The middle class in India is around 2% of the households. Elite & rich would be another 1%.We roughly have 300 million households in India.
Out of this only 3% (9 million households) have the potential to invest in capital markets.
The total demat (including NSDL & CDSL) accounts in the country is 26 million. Many investors have more than one demat account. So direct equity investors in India will not be more than 13 million. Many investors have demat accounts in the name of their spouse, children and parents as well. So in all likelihood around 8 million families may have demat accounts.
Recently I read that CDSL have only around 1.25 lakh demat accounts with holdings above Rs.10 lakhs. Including NSDL, after removing duplication, around 2 lakh investors may hold shares worth more than Rs.10 lakhs. This is around 2% of the total investor households.
Coming to mutual funds, there are around 50 million folios. This includes both retail and institutional investors. An investor, on an average may hold around 4 funds. This means we have around 12 million investors. Many families have more than one person investing in mutual funds. This means around 6 million households.

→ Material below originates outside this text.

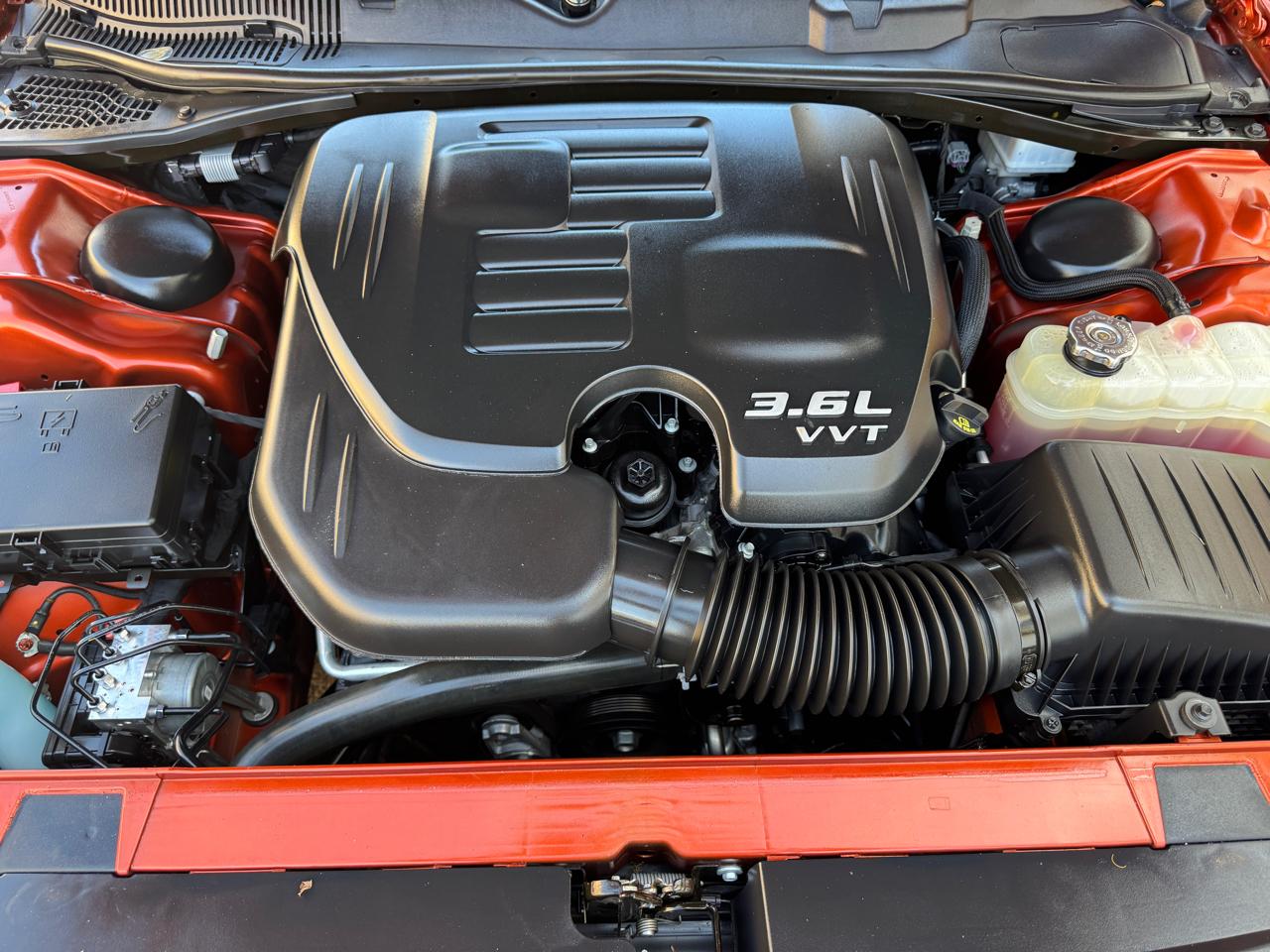 Dodge Challenger GT RWD 2022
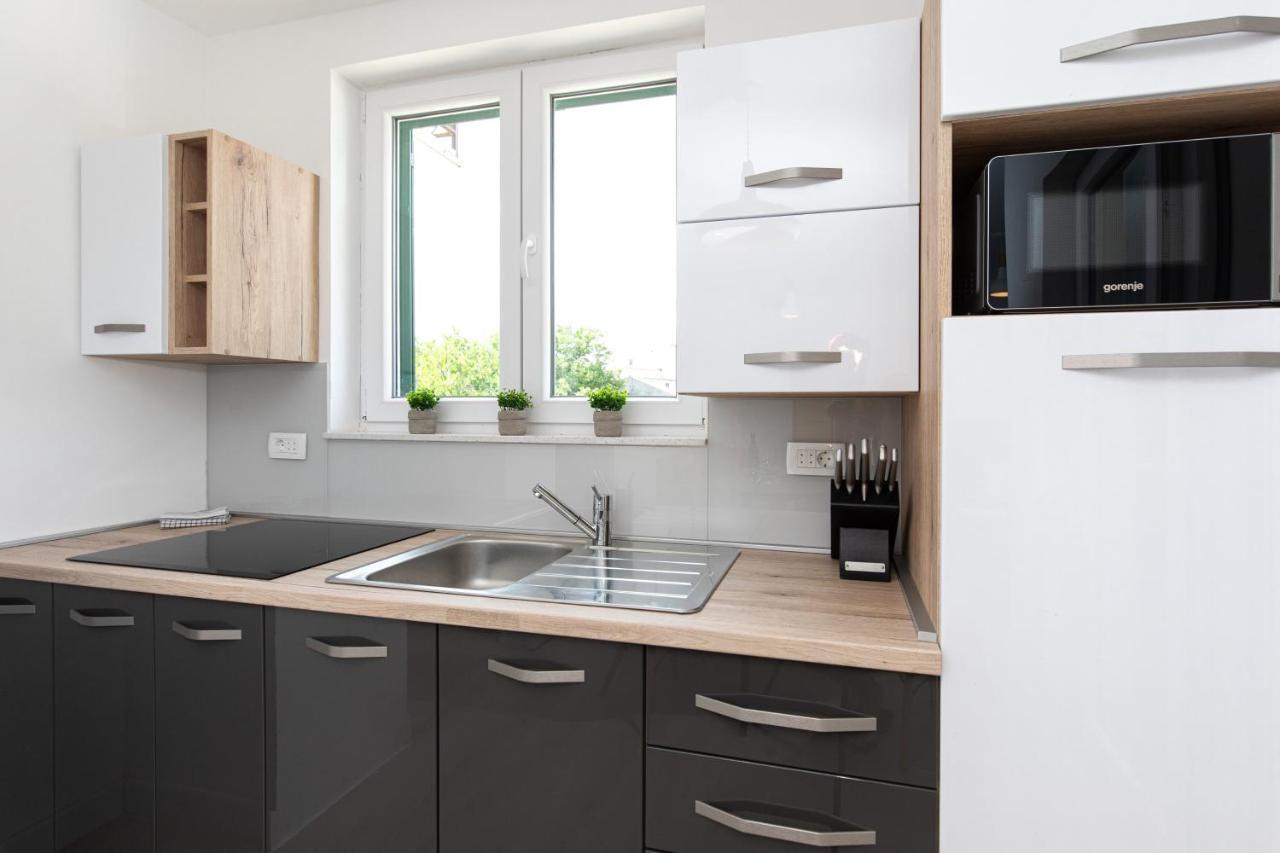 Sea Point Villa Ivan Kornic Ngoại thất bức ảnh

There would be overlap of investors who both invest in mutual funds and also shares. So the total households in India who are investing in capital market would be around 8 to 10 million.
There are 10 million SIP folios investing Rs.3500 crores a month in capital markets. Again this may mean around 4 million investors and 2 million households.
You may be surprised to know that there are only around 5000 MF advisors in India.
In the absence of detailed data, we have to do certain approximation. Better to know something approximately than having no knowledge at all.
There are around 1.3 million people who read financial newspapers in India. The viewers of business channels are also around 1 million.
In such a huge country, we are a tiny minority.
That is why capital markets or its movements have no relevance or impact for a common man.
Even the optimistic estimates suggest that only 10% to 12% of Indian households would be middle class during next 2 decades. Adding elite and rich, around 15% of households have potential to become investors over next 2 decades. This is a best case scenario because we are assuming 8% economic growth for next 2 decades.
Make use of the opportunity you have been provided to participate and grow your wealth in the equity market.
Don’t forget to count your blessings.